Voor de beoordeling van de klacht wordt, gelet op de stukken, van de volgende feiten uitgegaan.

1.1    In verband met een geschil van klaagster met de woningbouwvereniging N. over gebreken aan haar woning heeft klaagster zich tot verweerster gewend om haar belangen te behartigen.

1.2    Zowel N. als klaagster hadden een onderzoek laten verrichten over (de oorzaak van) gebreken aan de woning. De twee rapportages lieten verschillende uitkomsten zien met betrekking tot de gebreken.

1.3    Op 22 september 2017 heeft er een gesprek plaatsgevonden tussen enerzijds klaagster en verweerster en anderzijds twee medewerkers van N., waarbij de twee rapportages en de verschillende uitkomsten onderwerp van gesprek zijn geweest.

1.4    Afgesproken is om een derde onafhankelijke deskundige te benoemen die een bindend advies zou geven over de gebreken aan de woning van klaagster.
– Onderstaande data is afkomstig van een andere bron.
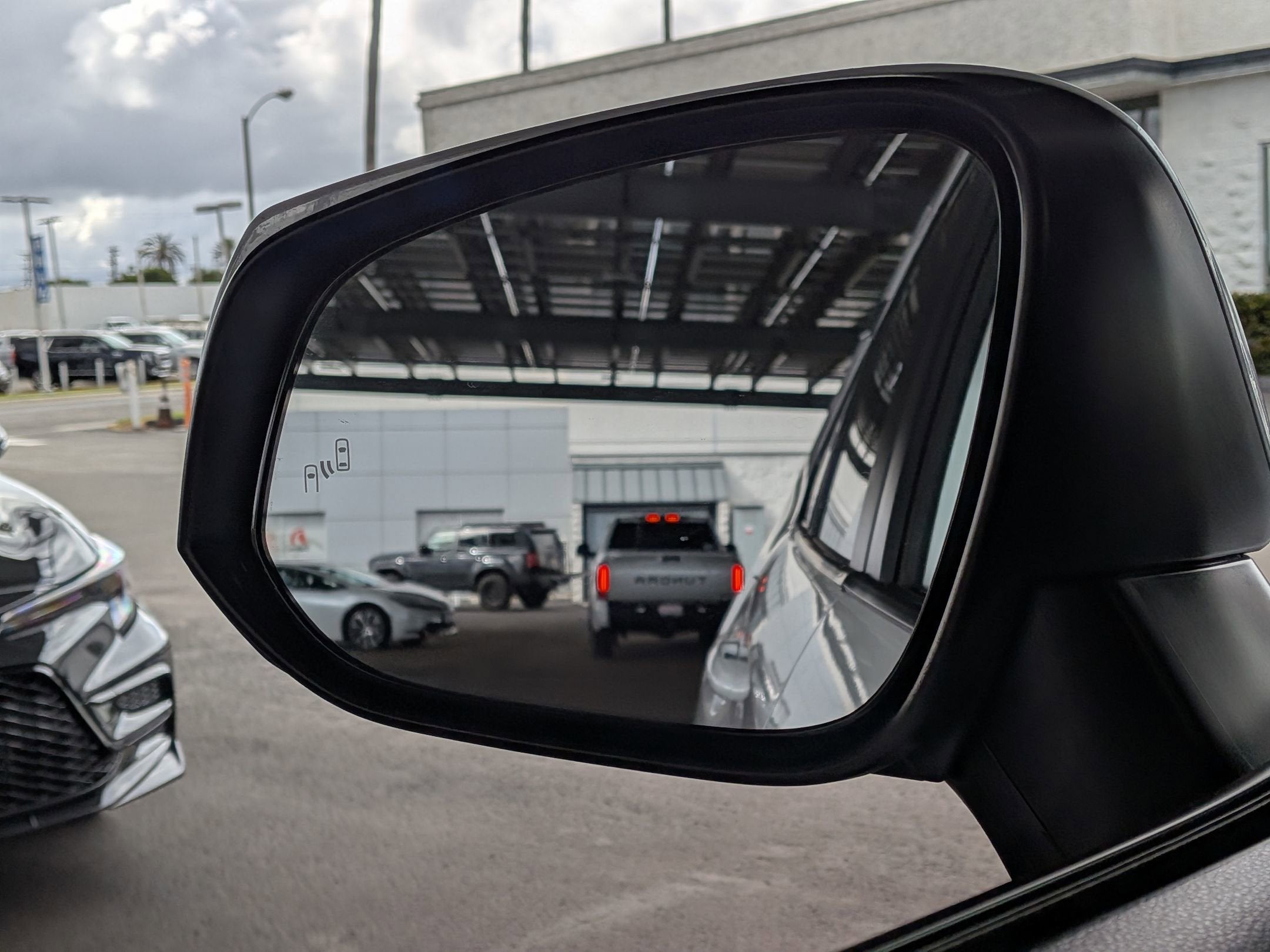 2023 Toyota RAV4 HYBRID Hybrid XLE Premium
Als zodanig is kantoor DPA aangesteld.

1.5    Klaagster kan zich niet verenigen met het door DPA uitgebrachte rapport.

1.6    Daarnaast heeft verweerster de belangen van klaagster behartigd in een geschil met klaagsters ex-echtgenoot over het echtscheidingsconvenant van 3 december 2007, waarbij is afgesproken dat klaagster de eerste begunstigde zal zijn van de kapitaal  / pensioenverzekering bij Aegon. De ex-echtgenoot diende de jaarlijkse premie van € 6.000,- te voldoen.
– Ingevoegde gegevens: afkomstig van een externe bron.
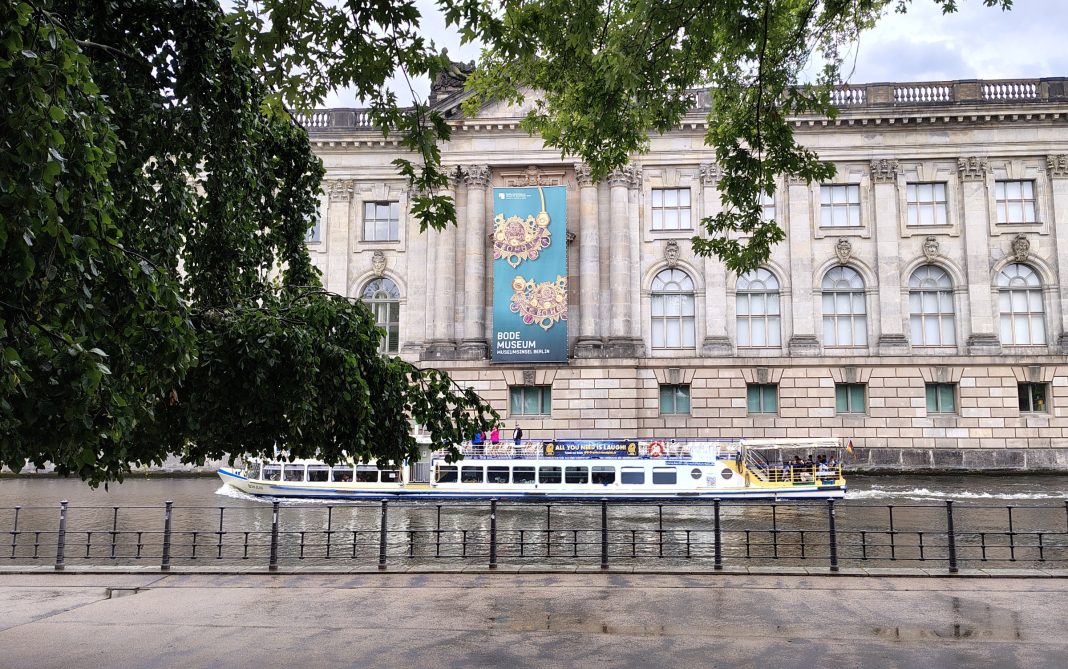 Ein Blick über die Spree auf das Bode-Museum in Berlin. © Münzenberg Medien, Foto / BU: Stefan Pribnow, Ort und Datum der Aufnahme: Berlin, 14.7.2026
1.7    Nadat klaagster gebleken was dat haar ex-echtgenoot eenmaal een bedrag van € 6.000,- aan premie niet had voldaan, heeft verweerster de ex-echtgenoot bij brief van 20 februari 2018 verzocht de achterstallige premie te voldoen.

1.8    Bij mail van 28 februari 2018 heeft de ex-echtgenoot aan verweerster laten weten dat hij uiterlijk 15 maart 2018 zou reageren op haar brief van 20 februari 2018.

1.9    Verweerster heeft zich op 12 maart 2018 aan de zaak onttrokken.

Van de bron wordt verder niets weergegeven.